Reize Weimars (1999)

Reize Weimars
Antwort auf einen Leserbrief (Thüringer Landeszeitung vom 11.03.99)

Wenn jemand Weimar als „touristenfeindlich“ scheltet, so muß er entweder einen driftigen Grund haben oder ihm geht es um Pauschalverdächtigungen wie „Unternehmerfeindlichkeit“, die aus einer bestimmten politschen Ecke gegen die Rot-Rot-Grüne Mehrheit im Weimarer Stadtparlament erhoben werden.
Es muß wohl des Weimar-Touristen Geheimnis bleiben, wie er vom Weimarer Busbahnhof quer durch die Innenstadt zur Marstallstraße gelangen konnte, ohne einen der Wegweiser zu den klassischen „highlights“ zu sehen. Nicht nur, daß er versäumte, seine „Blechkarosse“ an einem der Stadtrandparkplätze abzustellen oder in der nie besetzten und gut ausgeschilderten Tiefgarage zu verstecken, nein er will auch noch von seiner Parklücke aus direkt zum Goethe-Schiller-Liszt-Bertuch-Haus geleitet werden. Wer so etwas von Weimar erwartet, der hat diese Stadt gründlich missverstanden. Ihr Reiz liegt darin, dass man sie entdecken muss. Sie ist klein und fußläufig zu durchwandern. Sie erschließt sich dem Besucher, wenn er neugierig auf Entdeckungsreise geht – nicht aber, wen er mit der Nase auf das Weltbekannte gestossen werden will. Wer sich dieser Stadt nicht öffnen kann, der solle zuhause bleiben. Übrigens kann man sich auch mal von einer der vielen Hostessen an die Hand nehmen lassen.
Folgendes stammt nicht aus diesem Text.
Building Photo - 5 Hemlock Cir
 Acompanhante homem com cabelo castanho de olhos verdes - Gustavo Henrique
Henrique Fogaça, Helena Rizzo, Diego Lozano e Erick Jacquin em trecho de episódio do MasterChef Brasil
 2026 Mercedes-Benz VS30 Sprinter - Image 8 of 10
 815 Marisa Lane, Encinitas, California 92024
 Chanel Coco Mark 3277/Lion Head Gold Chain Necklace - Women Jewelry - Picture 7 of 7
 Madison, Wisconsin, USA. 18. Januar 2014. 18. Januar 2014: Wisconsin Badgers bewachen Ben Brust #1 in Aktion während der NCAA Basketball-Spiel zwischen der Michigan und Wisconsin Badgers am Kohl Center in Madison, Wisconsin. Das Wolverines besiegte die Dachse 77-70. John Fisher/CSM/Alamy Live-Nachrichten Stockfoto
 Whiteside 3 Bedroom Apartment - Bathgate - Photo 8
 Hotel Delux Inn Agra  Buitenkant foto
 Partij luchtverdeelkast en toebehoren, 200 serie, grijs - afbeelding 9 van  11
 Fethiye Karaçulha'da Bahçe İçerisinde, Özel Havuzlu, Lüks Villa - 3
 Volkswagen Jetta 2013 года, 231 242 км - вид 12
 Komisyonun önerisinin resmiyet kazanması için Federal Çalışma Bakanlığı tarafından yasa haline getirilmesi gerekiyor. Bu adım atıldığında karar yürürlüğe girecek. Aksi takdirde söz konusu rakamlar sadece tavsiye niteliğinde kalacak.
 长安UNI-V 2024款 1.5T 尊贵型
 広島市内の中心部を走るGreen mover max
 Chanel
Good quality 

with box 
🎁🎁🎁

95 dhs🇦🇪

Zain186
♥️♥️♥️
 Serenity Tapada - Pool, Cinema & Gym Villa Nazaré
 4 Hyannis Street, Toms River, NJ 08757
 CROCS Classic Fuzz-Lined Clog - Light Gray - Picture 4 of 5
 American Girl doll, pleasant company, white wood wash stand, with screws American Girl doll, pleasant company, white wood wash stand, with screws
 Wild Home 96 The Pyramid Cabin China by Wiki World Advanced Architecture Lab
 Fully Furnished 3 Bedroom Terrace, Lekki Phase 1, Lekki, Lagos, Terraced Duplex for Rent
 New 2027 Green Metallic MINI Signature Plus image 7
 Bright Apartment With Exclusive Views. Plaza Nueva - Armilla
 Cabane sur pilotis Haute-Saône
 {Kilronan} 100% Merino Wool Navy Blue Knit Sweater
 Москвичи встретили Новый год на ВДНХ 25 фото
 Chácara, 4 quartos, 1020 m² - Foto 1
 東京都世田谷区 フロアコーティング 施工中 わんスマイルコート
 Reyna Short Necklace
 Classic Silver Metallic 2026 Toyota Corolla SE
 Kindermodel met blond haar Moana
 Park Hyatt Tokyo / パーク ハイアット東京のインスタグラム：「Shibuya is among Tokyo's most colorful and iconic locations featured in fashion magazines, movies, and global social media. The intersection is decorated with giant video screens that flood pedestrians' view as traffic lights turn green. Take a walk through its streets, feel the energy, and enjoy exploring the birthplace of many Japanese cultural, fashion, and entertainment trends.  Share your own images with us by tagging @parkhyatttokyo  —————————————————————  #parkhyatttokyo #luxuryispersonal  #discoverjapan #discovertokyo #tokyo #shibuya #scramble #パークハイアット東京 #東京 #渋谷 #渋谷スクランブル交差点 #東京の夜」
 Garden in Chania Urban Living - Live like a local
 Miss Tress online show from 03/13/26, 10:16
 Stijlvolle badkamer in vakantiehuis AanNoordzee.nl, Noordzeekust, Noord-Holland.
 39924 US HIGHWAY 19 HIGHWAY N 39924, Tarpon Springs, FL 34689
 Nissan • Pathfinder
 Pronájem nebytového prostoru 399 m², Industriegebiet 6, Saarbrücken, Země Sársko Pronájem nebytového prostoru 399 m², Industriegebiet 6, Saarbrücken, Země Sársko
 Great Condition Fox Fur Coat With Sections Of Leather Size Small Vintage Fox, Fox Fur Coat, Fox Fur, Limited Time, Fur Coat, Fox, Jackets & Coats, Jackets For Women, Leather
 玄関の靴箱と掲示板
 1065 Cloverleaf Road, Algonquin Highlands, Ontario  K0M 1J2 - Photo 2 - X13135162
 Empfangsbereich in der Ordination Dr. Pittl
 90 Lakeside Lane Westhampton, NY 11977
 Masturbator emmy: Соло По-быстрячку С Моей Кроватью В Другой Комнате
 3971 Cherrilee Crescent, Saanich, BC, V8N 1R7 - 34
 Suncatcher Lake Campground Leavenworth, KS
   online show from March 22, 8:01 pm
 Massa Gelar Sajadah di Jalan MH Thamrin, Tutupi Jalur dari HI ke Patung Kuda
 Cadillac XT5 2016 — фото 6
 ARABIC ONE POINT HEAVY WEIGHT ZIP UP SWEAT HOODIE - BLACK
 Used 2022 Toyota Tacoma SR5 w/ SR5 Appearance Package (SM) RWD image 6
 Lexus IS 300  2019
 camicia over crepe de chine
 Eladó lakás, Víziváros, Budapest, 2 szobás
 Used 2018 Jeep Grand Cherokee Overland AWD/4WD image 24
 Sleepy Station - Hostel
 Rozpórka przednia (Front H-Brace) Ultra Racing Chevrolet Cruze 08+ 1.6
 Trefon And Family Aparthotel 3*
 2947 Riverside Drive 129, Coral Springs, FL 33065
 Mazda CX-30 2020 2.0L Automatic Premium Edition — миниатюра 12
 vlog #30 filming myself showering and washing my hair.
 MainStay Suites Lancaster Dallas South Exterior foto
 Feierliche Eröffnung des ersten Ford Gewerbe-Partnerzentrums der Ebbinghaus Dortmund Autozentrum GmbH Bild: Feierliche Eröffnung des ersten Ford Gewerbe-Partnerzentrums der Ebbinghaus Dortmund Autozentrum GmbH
Neben den fehlenden Hinweisschildern kritisiert Herr Streckel auch den „auf dem Bürgersteig festgetretenen Dreck und Unrat“. Nun gibt es auch in Weimar viel zu kritisieren, doch das gerade nicht. Ich finde es gerade befremdlich, daß diese Stadt mit ihren neuen Pflasterungen und Fassaden viel zu geschleckt aussieht. Ich freue mich, daß es auch im Kulturstadtjahr noch Baulücken, Baustellen, Unschönes und Unfertiges gibt. Das sind Merkmale von Lebendigkeit und Historizität, die für jede Stadt wichtig sind – auch für eine Kulturhauptstadt. Wer nach Weimar kommt, der sollte nicht das Perfekte, sondern das Anregende suchen, nicht das Reine, sondern das Poetische und nicht den geraden Weg, sondern den ungeraden.